Columbia Journal of Race and Law
Justin Desautels-Stein, Race as a Legal Concept, 2 Colum. J. Race & L. 1 (2012), available at https://scholar.law.colorado.edu/faculty-articles/137.
Race is a legal concept, and like all legal concepts, it is a matrix of rules. Although the legal conception of race has shifted over time, up from slavery and to the present, one element in the matrix has remained the same: the background rules of race have always taken a view of racial identity as a natural aspect of human biology. To be sure, characterizations of the rule have oftentimes kept pace with developments in race science, and the original invention of race as a rationale for the subordination of certain human populations is now a rationale with little currency. The departure from this "classic liberal" conception of race, and its attendant and disturbing view of the function of race, did not, however, depart from the idea that race is a natural and organic part of being a human being. As this Article argues, this seminal background rule--that race is natural, neutral, and necessary--is deeply problematic and a substantial obstacle in the fight against the Supreme Court's ascending anticlassification jurisprudence. Not to mention, it is also false.
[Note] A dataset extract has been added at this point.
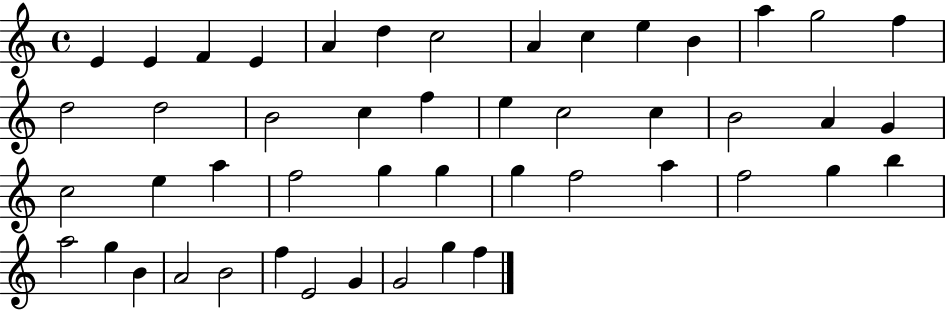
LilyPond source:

In an effort to make some headway against the idea that race is a natural idea, as opposed to a legal concept, the Article attacks the background rules of race via the unlikely field of Conflict of Laws. Taking the Supreme Court's decision in Parents Involved in Community Schools v. Seattle School District No. 1 as a benchmark, the discussion first suggests an early functionalist view of voluntary school integration by way of an analogy to the early twentieth-century transformations occurring in Conflicts of Laws. Second, and in the alternative, the discussion then situates the facts of Parents Involved as literally a problem of Conflict of Laws. In both instances, the hope is to focus legal discourse on the background rules of race so as to empower a new and emancipatory anti-subordination jurisprudence.